*** Records for the exercise ***

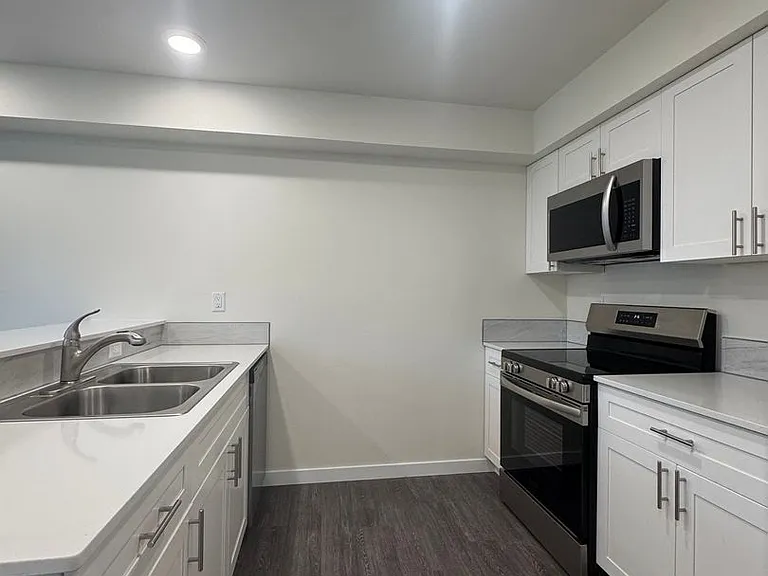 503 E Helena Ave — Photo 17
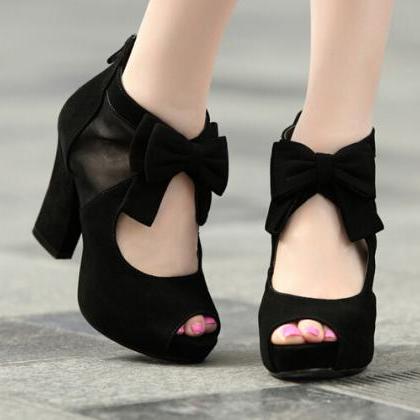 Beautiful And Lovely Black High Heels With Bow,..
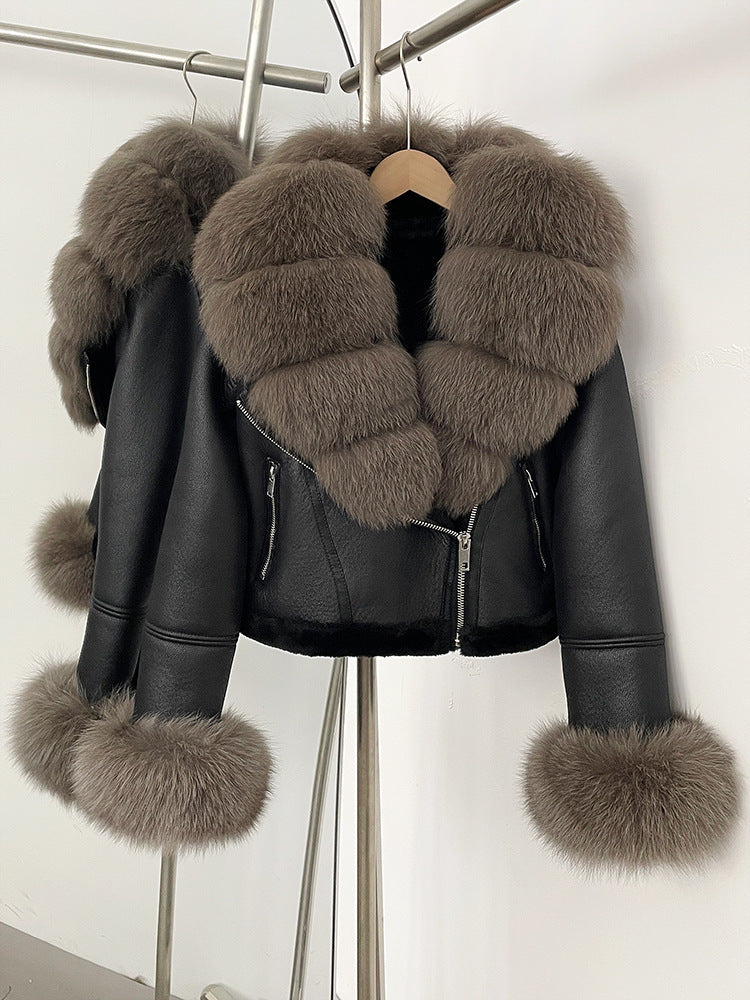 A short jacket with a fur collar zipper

*** End of Records for the exercise ***
*** Records for the exercise ***

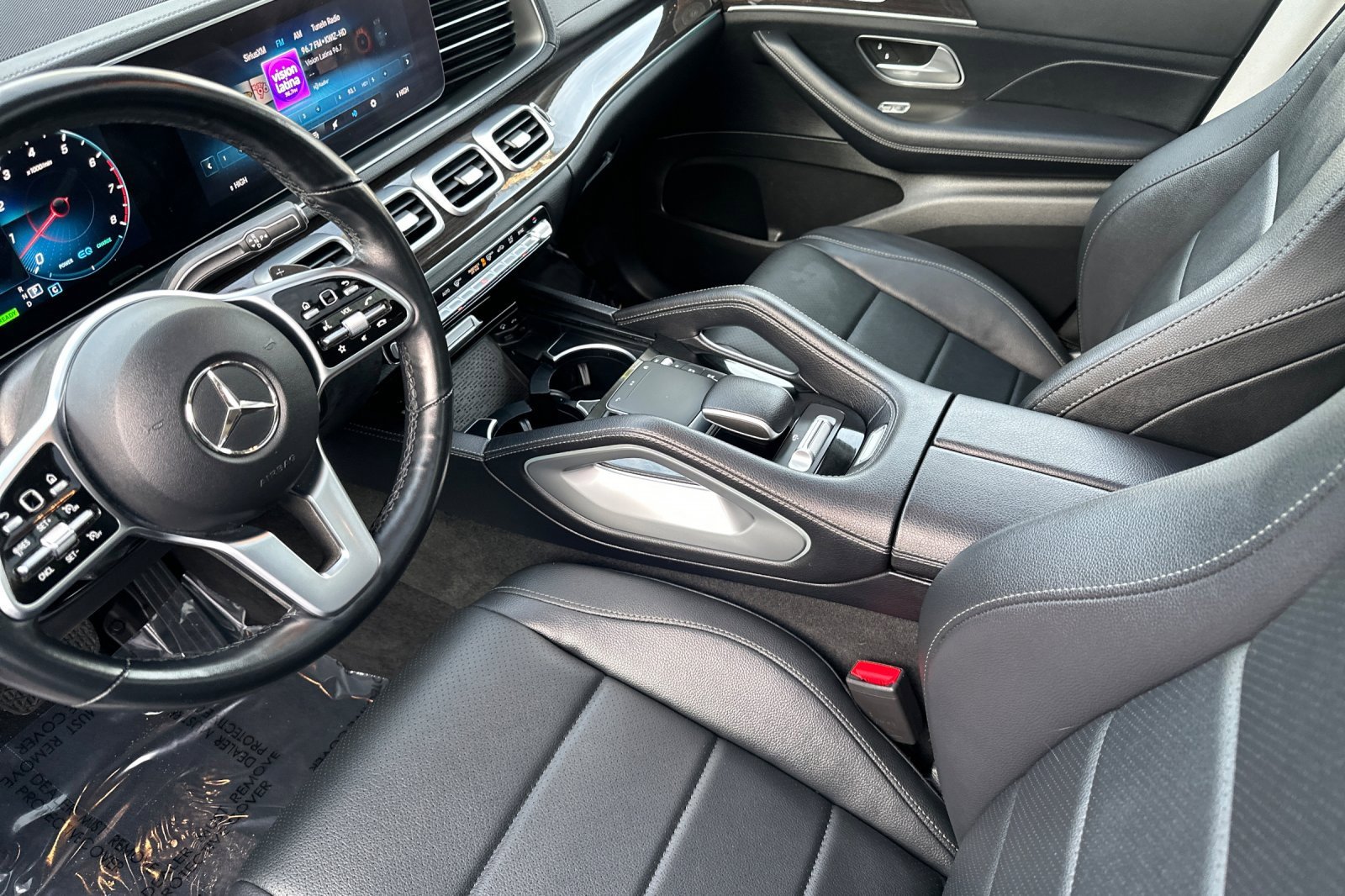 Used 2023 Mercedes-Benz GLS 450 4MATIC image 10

*** End of Records for the exercise ***
*** Records for the exercise ***

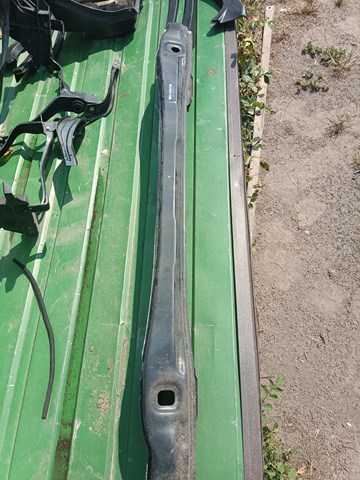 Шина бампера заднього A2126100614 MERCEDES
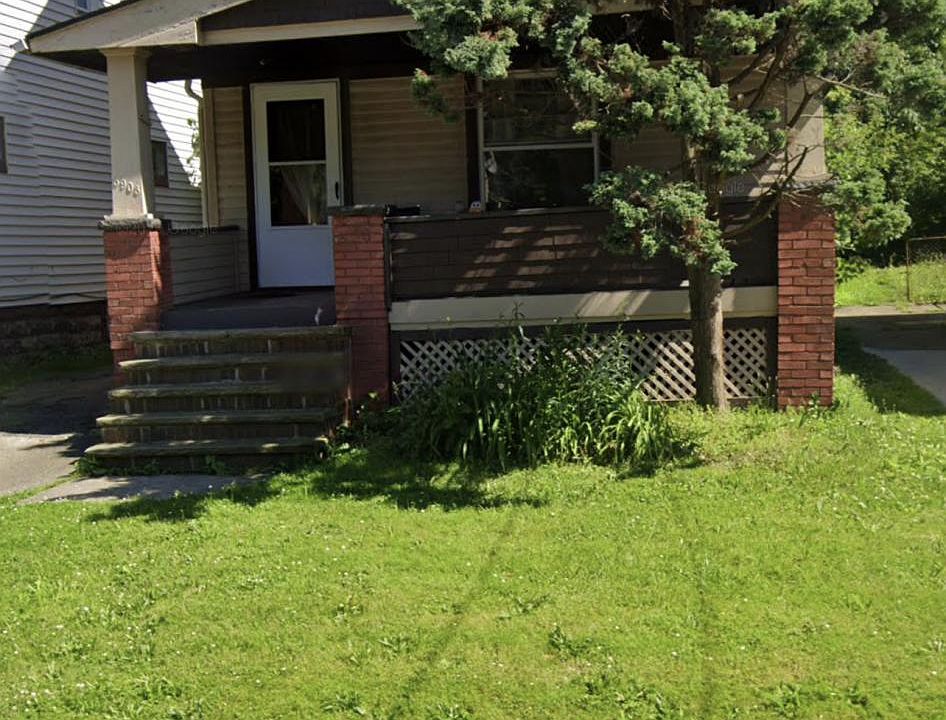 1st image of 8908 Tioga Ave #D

*** End of Records for the exercise ***

*Task description:*
Reproduce, word for word, everything in the listing above from the line containing "Beautiful And Lovely" down to the line containing "A short jacket with a fur collar zipper", both of them included. No pictures.

*Answer to this task:*
 Beautiful And Lovely Black High Heels With Bow,..
 A short jacket with a fur collar zipper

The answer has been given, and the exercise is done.